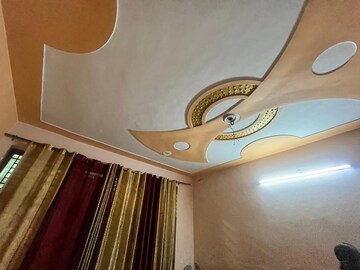 Furnished Amenities in 1.5 BHK Independent House at Alpha 1 RWA, Alpha 1 Greater Noida – for Rent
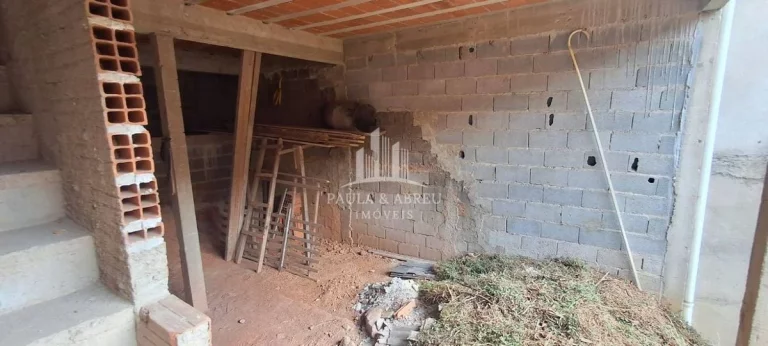 Imagem Terreno 125m² com Salão 43m², Contrato desde o loteador e porão do mesmo tamanho no Jardim Zaíra 4, Mauá-SP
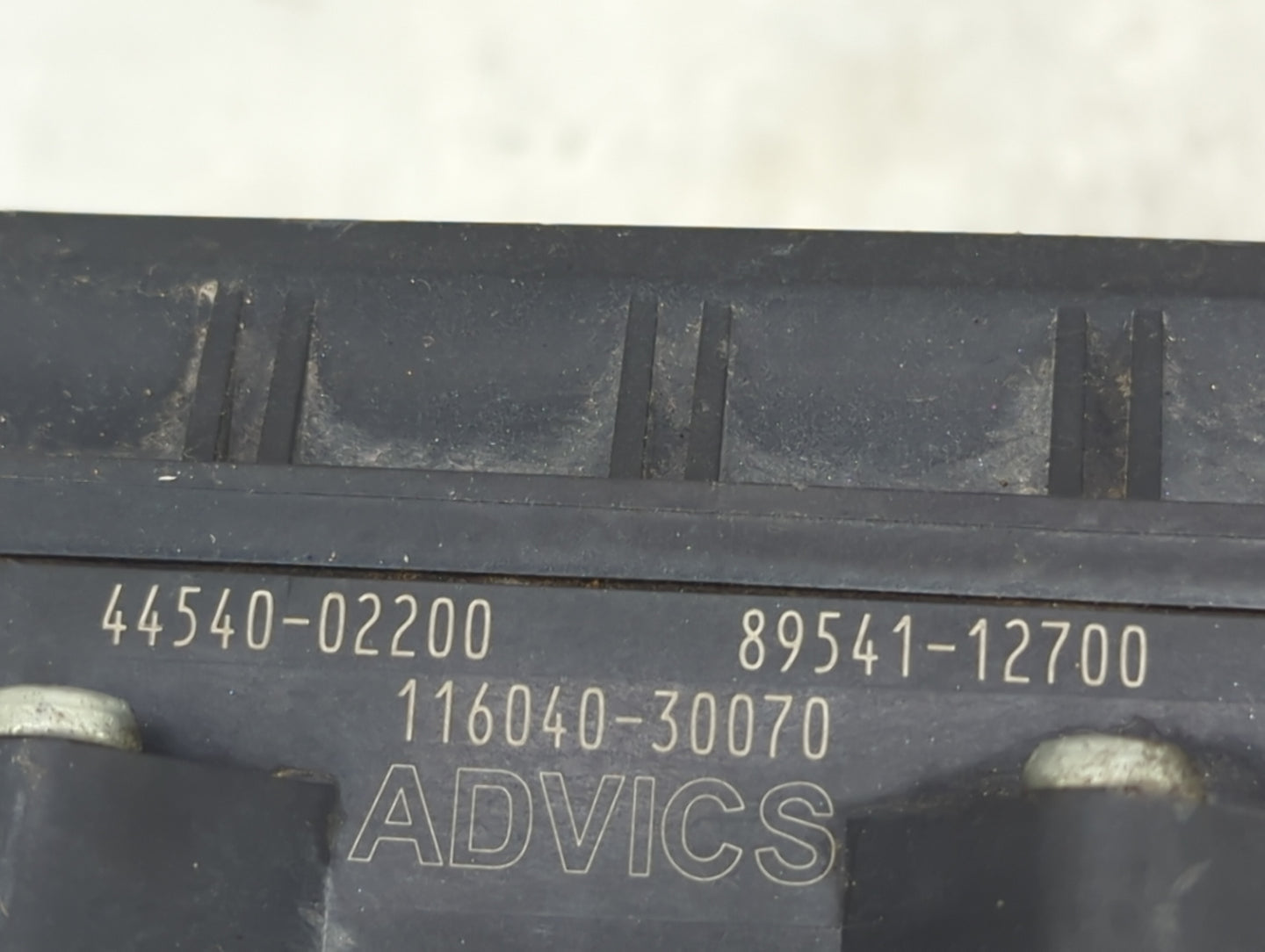 2009-2010 Toyota Corolla ABS Pump Control Module Replacement P/N:44540-02200 89541-12700, 116040-30070 Fits Fits 2009 2010 O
* * * * * * * * *
### Work task
Print each line above exactly as it appears, excluding all images.

### Task output
 Furnished Amenities in 1.5 BHK Independent House at Alpha 1 RWA, Alpha 1 Greater Noida – for Rent
 Imagem Terreno 125m² com Salão 43m², Contrato desde o loteador e porão do mesmo tamanho no Jardim Zaíra 4, Mauá-SP
 2009-2010 Toyota Corolla ABS Pump Control Module Replacement P/N:44540-02200 89541-12700, 116040-30070 Fits Fits 2009 2010 O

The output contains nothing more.